O que a gente vem observando é a desvalorização da cultura popular em detrimento das bandas midiáticas, com cachês milionários. Temos uma porcentagem ínfima para artistas locais e populares, e muito mais para pagar essas bandas de fora."
Rosa Amorim (PT), deputada estadual de Pernambuco e propositora da audiência
Ela afirma que pretende levar a discussão à Assembleia Legislativa de Pernambuco.
Nós precisamos fazer esse debate da regulamentação, que é muito delicado, mexe com interesse econômico privado. Mas é necessário porque temos o risco de ver uma cultura tradicional ser praticamente extinta."
Rosa Amorim
Outras festas convivem com mesmo problema
Para Victor Pires, professor e pesquisador na área de mídia e música ao vivo da Ufal (Universidade Federal de Alagoas), o tema é complexo e não se resume ao São João: nas festas de Carnaval de Salvador e do Recife também se debate perda de espaço para artistas tradicionais.

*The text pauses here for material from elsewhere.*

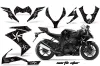 Kawasaki ZX10 Ninja Graphic Kit - 2008-2009 Northstar Black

"Essa discussão de 'pop versus forró e ritmos tradicionais' é só uma parcela do problema", diz, citando a ideia de que os "eventos multiculturais" se propõem a abrir espaço para tendências do momento para atrair mais pessoas.
O modelo de festa popular hoje acaba sendo pensada muito para atrair grandes públicos. As cidades negociam com o turismo para atrair gente de fora. E isso traz uma dificuldade em negociar com esses gêneros tradicionais, que deveriam ser o eixo dorsal do evento."
Victor Pires
Nesse caso, o próprio governo "acaba reforçando o estigma do artista tradicional ao colocar eles para tocar em palcos menores, mais afastados e com condições mais precarizadas."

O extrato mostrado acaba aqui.